### About this exercise
Below, locate the line that contains "How to protect your baby's head". Repeat exactly from that line to the line that contains "A Frame Of Mind", inclusive, leaving out the pictures.

### Data excerpts
++++++++++++++++++++

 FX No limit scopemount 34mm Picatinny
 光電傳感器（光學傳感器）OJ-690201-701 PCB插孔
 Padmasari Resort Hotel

++++++++++++++++++++

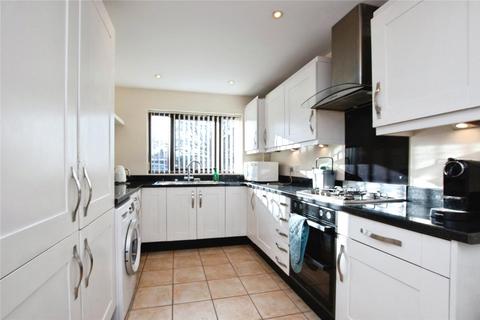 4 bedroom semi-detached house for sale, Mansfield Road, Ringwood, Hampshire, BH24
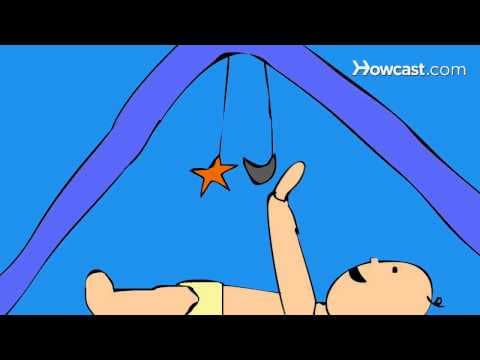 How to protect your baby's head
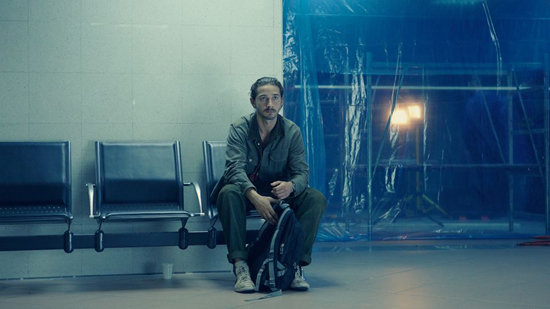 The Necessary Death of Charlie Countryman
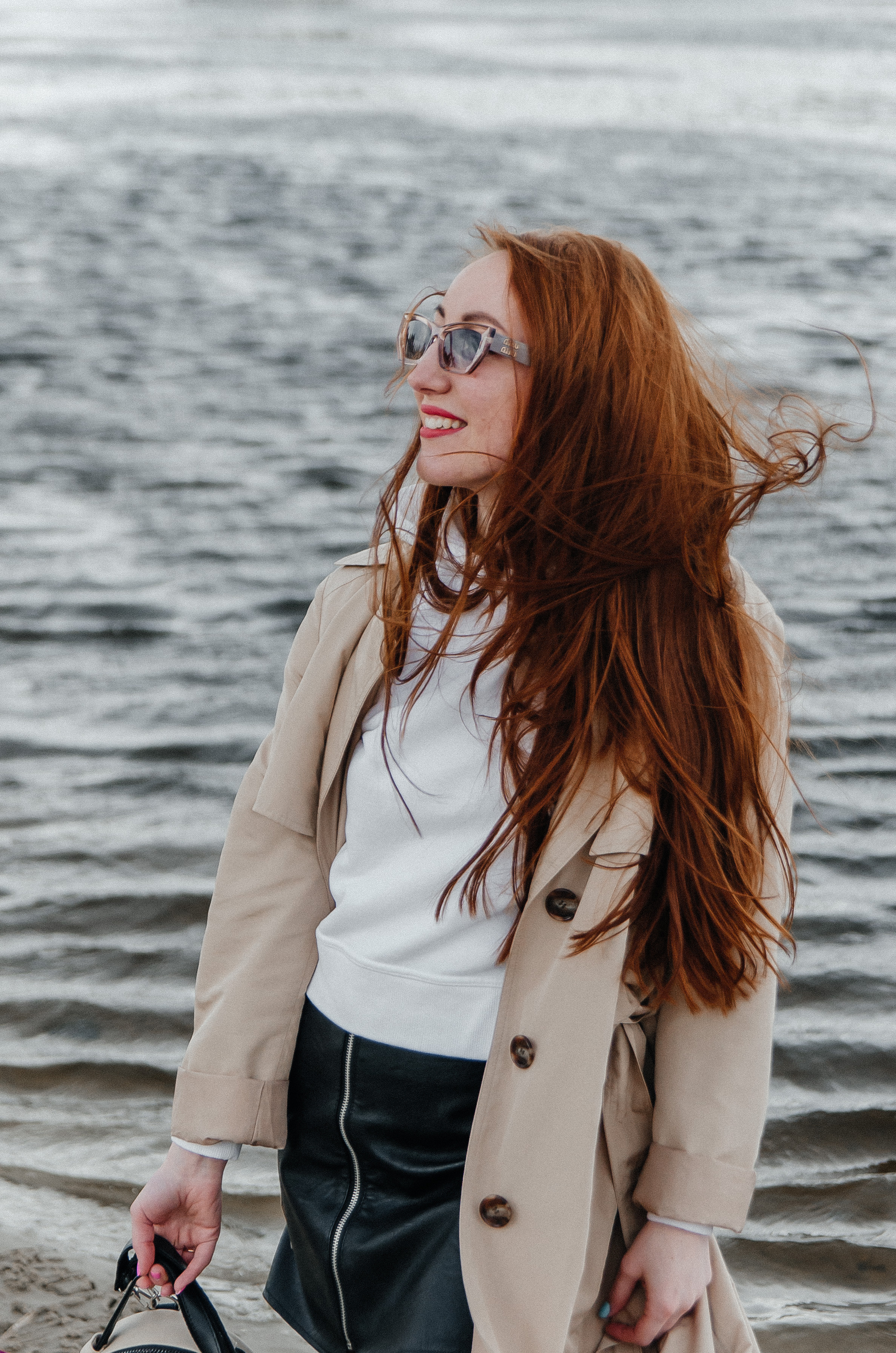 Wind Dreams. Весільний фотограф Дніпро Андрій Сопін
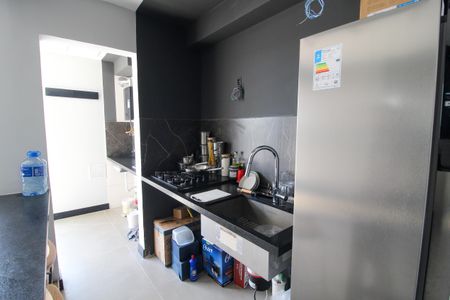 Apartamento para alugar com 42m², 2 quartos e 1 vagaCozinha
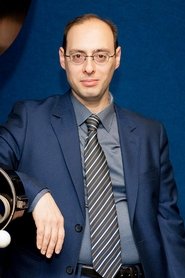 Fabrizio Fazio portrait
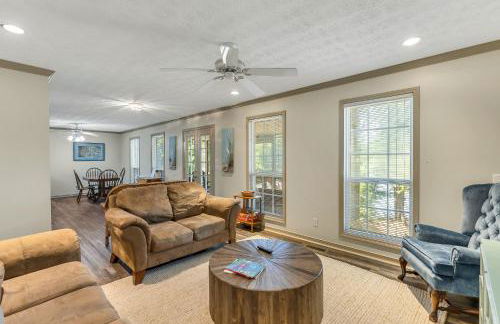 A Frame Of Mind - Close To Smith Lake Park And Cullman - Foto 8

++++++++++++++++++++

### Worked solution
 How to protect your baby's head
 The Necessary Death of Charlie Countryman
 Wind Dreams. Весільний фотограф Дніпро Андрій Сопін
 Apartamento para alugar com 42m², 2 quartos e 1 vagaCozinha
 Fabrizio Fazio portrait
 A Frame Of Mind - Close To Smith Lake Park And Cullman - Foto 8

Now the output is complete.